I’m normally not a person who can binge shows. There’s a sort of commitment that I know deep down won’t be fulfilled if I embark on a series that’s too long. That’s probably why I enjoy movies so much more—especially short movies around a sweet 90-minute mark. Given the COVID-19 pandemic, however, my viewing preferences have made a complete 180° reversal. I haven’t been able to watch movies; I’ve found comfort in the escapism of a whole show’s world, letting it envelop and replace my own. I’ve watched all three seasons of Stranger Things twice now. Seriously.

At the onset of my quarantine, I leeched onto my family’s Netflix account in search of something mindless, but also something I’ve been meaning to see for a long time.

And then “Ash vs Evil Dead” appeared in my life.
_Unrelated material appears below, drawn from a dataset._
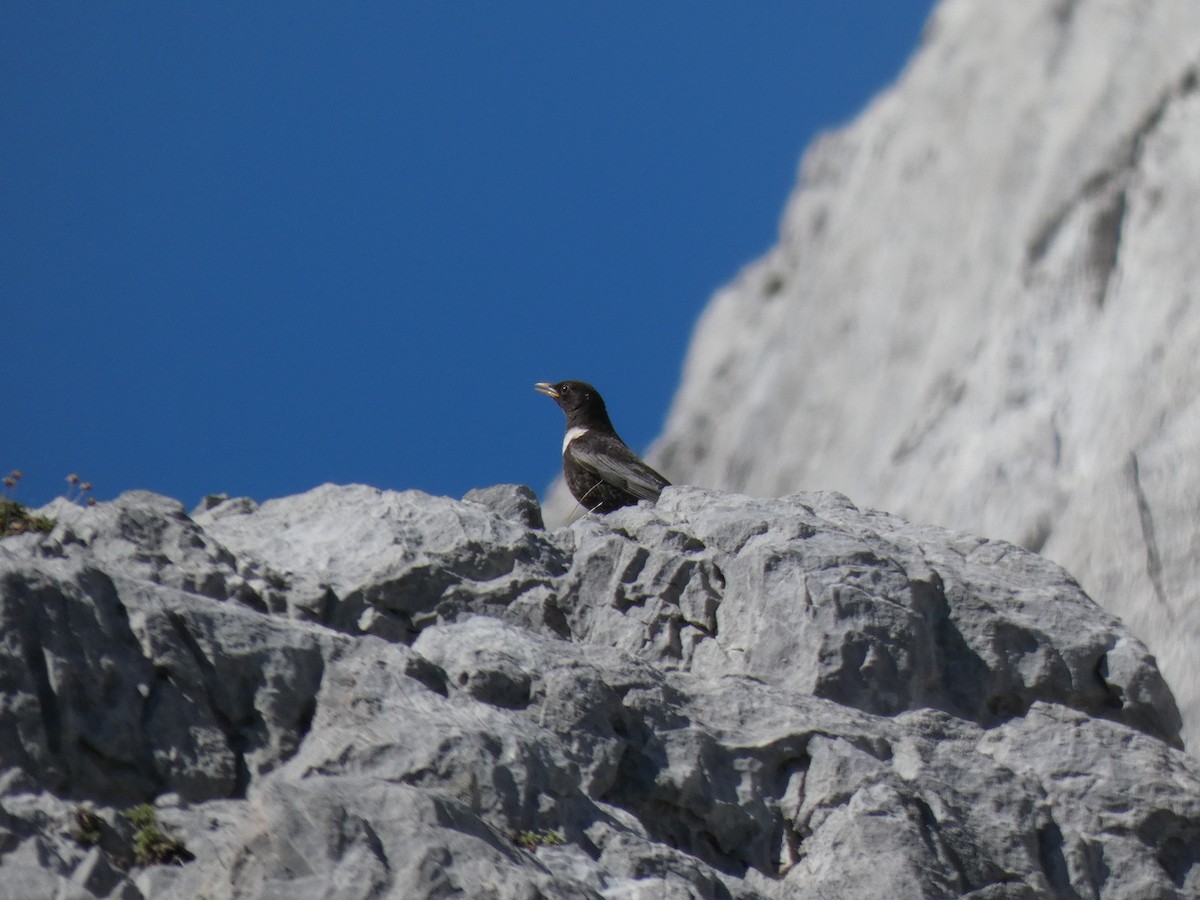 Ring Ouzel - ML455209231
The show, for what at first glance seems like The Evil Dead franchise creating its final magnum opus, is a melting pot of concepts. Everything goofy, gory, campy, and absolutely buckwild from the three original 80s movies is evident, spiced with a new stylistic production and characters (who don’t die right away!).
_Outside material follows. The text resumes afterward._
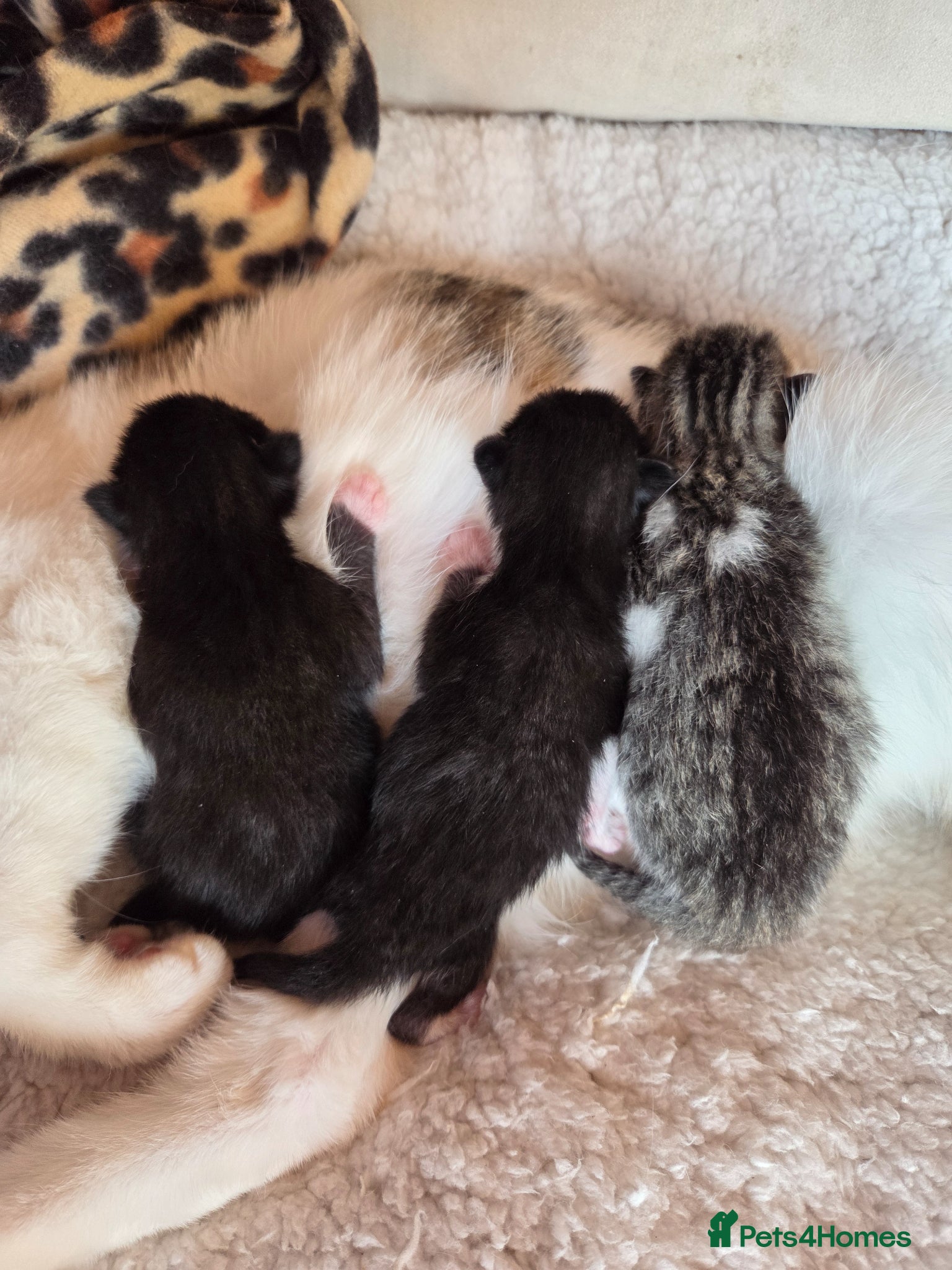 Mixed Breed cats Kittens for sale with mum  - Advert 3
In ways, the three seasons of “Ash vs Evil Dead” is solely the “fun” side of the franchise; Bruce Campbell in a return-to-form role in the most Michigan dad performance in all of television, as the eponymous Ash Williams.
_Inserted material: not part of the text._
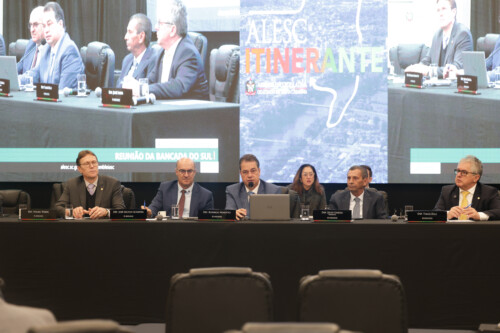 Deputados da Comissão de Defesa dos Direitos da Criança e do Adolescente, durante reunião do colegiado em Ararangá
Conveniently, the show moves at such a brisk pace and with little care for extenuating circumstances that if someone hasn’t seen the original movies, they’ll still be caught up on all the antics Ash had been up to in the 30 years between the events of “The Evil Dead” and “Ash vs Evil Dead.”The new characters in Ash’s entourage might not be as memorable as him—or at least not as flashy and over-the-top—but they’re still plenty likeable that one genuinely cares if something bad happened to them.

Badness, of course, constantly happens. Deadites are rampant, new evils are afoot, but Ash also has fresh, clever methods of disposing of enemies—in the most brutal of ways, too. Viewers who aren’t fans of horror or gore would find the amount of blood in “Ash vs Evil Dead” too much; in fact, as a fan of both of those aforementioned things, it’s ridiculous how wretched some of the kills get. But that’s “The Evil Dead.” If it weren’t campy or illogically gruesome, I wouldn’t enjoy it.

As a franchise that is totally self-aware and lives up to its comedic horror tendencies, “Ash vs Evil Dead” doesn’t need to be a “smart” show to be a great show. Complicated plot mechanics or lore would make it seem as if the writers were trying too hard. “Ash vs Evil Dead” is by all means simplistic and bare bones: it just needs a shotgun, a chainsaw hand, a dorky catchphrase, and maybe a decent amount of fan service, to refuel and expand what was and has always been the epitome of classic horror.